The previous owner has NEVER been inside the bolt! It took me a good 45 minutes to get all the carbon outta this thing,but the bore looks good and it function tests ok,I sure hope tomorrow is one of the good days.......... 


How can anyone get a firearm and not learn to break it down to clean it?????????? thats jus' stooooopid:smt011


----------



## Charlie (May 13, 2006)

What kind of optics is that on it? (did I say that right?)


----------



## scooter (May 9, 2006)

Charlie said:


> What kind of optics is that on it? (did I say that right?)

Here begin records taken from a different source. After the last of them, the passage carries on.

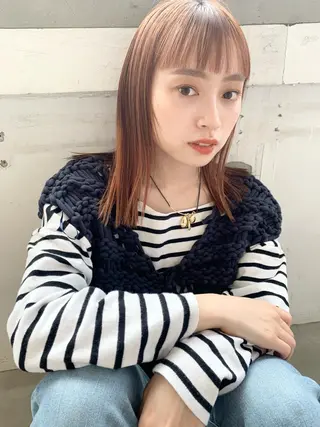 ミディアム カラー 💓パーマ，💗 レイヤーカットのヘアスタイル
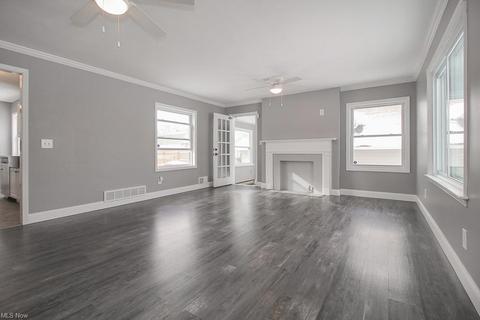 119 Hamilton St, Elyria, OH 44035 photo 5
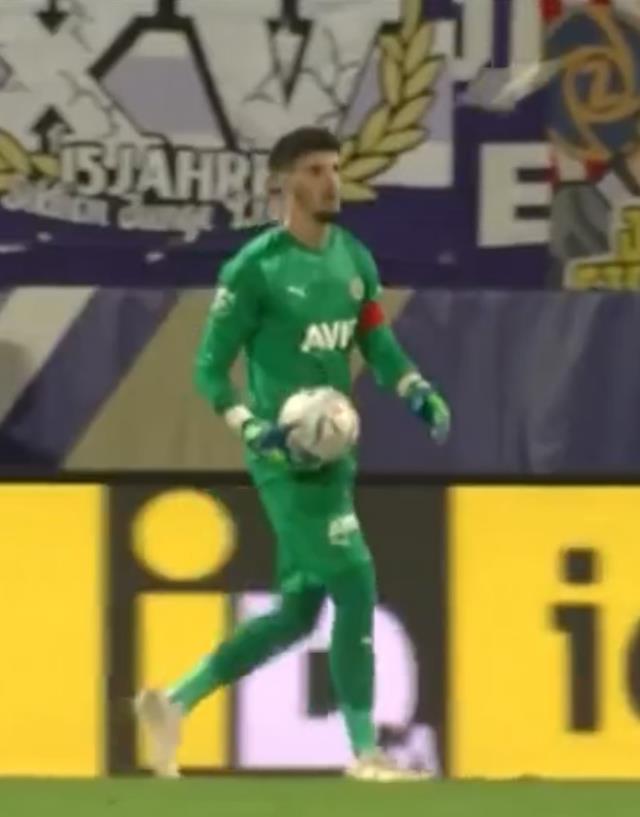 Avusturya'da skandal! Altay Bayındır'ı tribünden fırlattıkları davul tokmağıyla boynundan vurdular Avusturya'da skandal! Altay Bayındır'ı tribünden fırlattıkları davul tokmağıyla boynundan vurdular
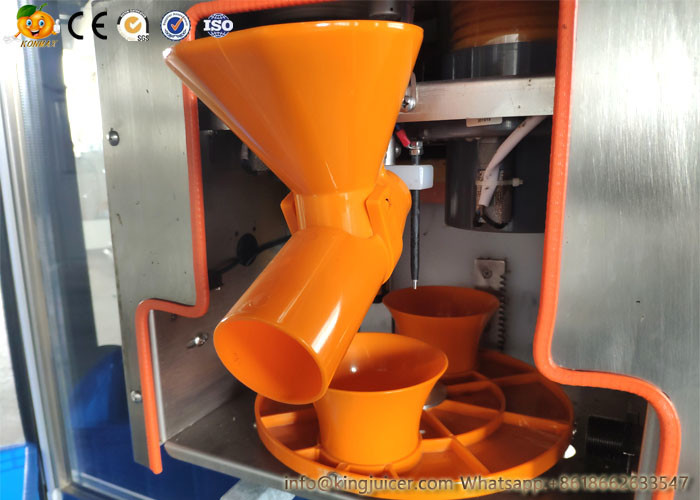 Durable Orange Juice Vending Machine For Supermarket , Fruit Juice Vending Machine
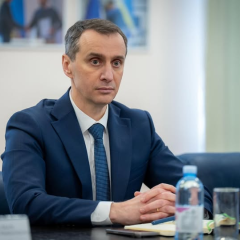 Лікарі проводять щелепно-лицеву операцію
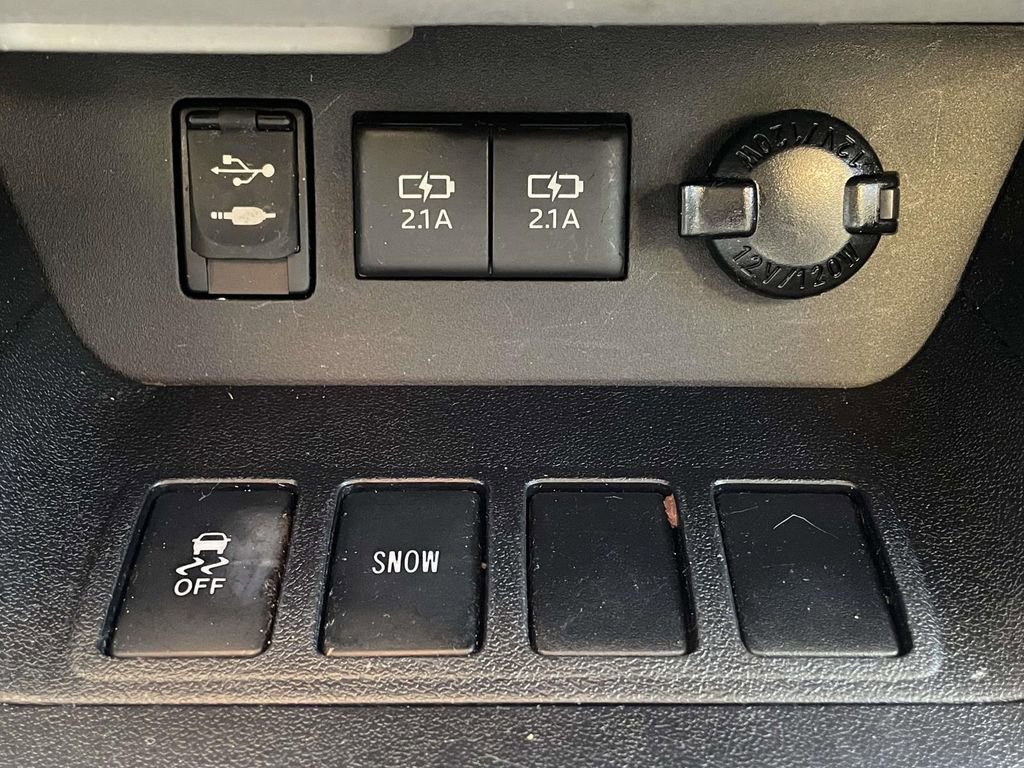 Used 2017 Toyota Highlander Limited image 23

Its a NoSTAR 4X30re, The crosshairs light up red if ya turn the knob one way and they light up green if ya turn it the other,center position is normal cross.Never seen one til now but I think I like it so far


----------



## Charlie (May 13, 2006)

Ain't technology grand...................:smt082


----------



## Thor (May 11, 2006)

DPMS ain't too far from me. They don't sell over the counter. Their range will sell their guns, but at FULL MSRP. I can get better deals from a regular gun dealer. I've heard good and bad about DPMS rifles. The bad was mostly about the cheap plastic magazines they were using for their .308 flavors. I'm not overly impressed with the owner and CEO, Randy Luth. He lives in the town I just moved away from. I still haven't justified to myself the expense or needs of a .223. I'll have to stick with my AKs for a while, I suppose.


----------



## tony pasley (May 6, 2006)

it should be a wonderful dance with your newest lady enjoy mine alot


----------



## Rustycompass (Jun 25, 2006)

Scooter,
Congrats Man......... she's sweeet.


----------



## Baldy (Jun 21, 2006)

Have fun and give us a good range report tomorrow evening.


----------



## scooter (May 9, 2006)

Okay here it is,1st I am sunburned ,2nd I am windburned and 3rd did I say I am sunburned??But I had a blast.
My brother took his Girande out too and we leveled a hillside in only 2 hours:mrgreen: :mrgreen: 
I put 300 rounds thru the rifle and NOT 1 problem,sweet as can be 
Did havta chase the scope for a while cuz I didnt notice at first it was just loose enough on the rail to move a little during recoil but after that I got zero good enough for now.Ill zero it better on sand bags later.....todays was for fun.
Took the A-15, my kimber 45 and my lil 380 to see if'n it even still worked, after all it has had a LOOOONG vacation in the safe but it did ok.
The rifle was shot at 75 yds(I hate walking ),the 45 shot at 7 yds rapid fire as fast as I could shoot and pop in another mag(5 mags total) and the 380 target only has the first mag on the paper, the rest were shot at pop cans and critters.
All in all a very good day,but now Ive got that nasty "clean yer guns chore left..........mebbe tomorrow,when the grin fades some:mrgreen:


----------



## 2400 (Feb 4, 2006)

Looks and sounds like you had a GREAT time. :smt023 :smt033 

Since that rifle is all nasty and dirty now, send it to me! I'll take care of it so you can stay clean. :mrgreen: :mrgreen:


----------



## scooter (May 9, 2006)

2400 said:


> Looks and sounds like you had a GREAT time. :smt023 :smt033
> 
> Since that rifle is all nasty and dirty now, send it to me! I'll take care of it so you can stay clean. :mrgreen: :mrgreen:


Ummmm... How 'bout I letcha know AFTER I take the how gross are ya test..


----------



## 2400 (Feb 4, 2006)

scooter said:


> Ummmm... How 'bout I letcha know AFTER I take the how gross are ya test..


But, but I'm just trying to help you out.... :mrgreen: :mrgreen:


----------



## scooter (May 9, 2006)

SORRY
***You Are 56% Gross***

You're more than a little gross, but probably no more gross than the average person.
Maybe it's time to drop some of those disgusting habits that could eventually embarrass you!

Guess Ill havta keep it a while:mrgreen:


----------



## 2400 (Feb 4, 2006)

scooter said:


> SORRY
> ***You Are 56% Gross**
> Guess Ill havta keep it a while:mrgreen:


56%, you call THAT gross? I'm 80% so I'll save you. Send it on over. :mrgreen:


----------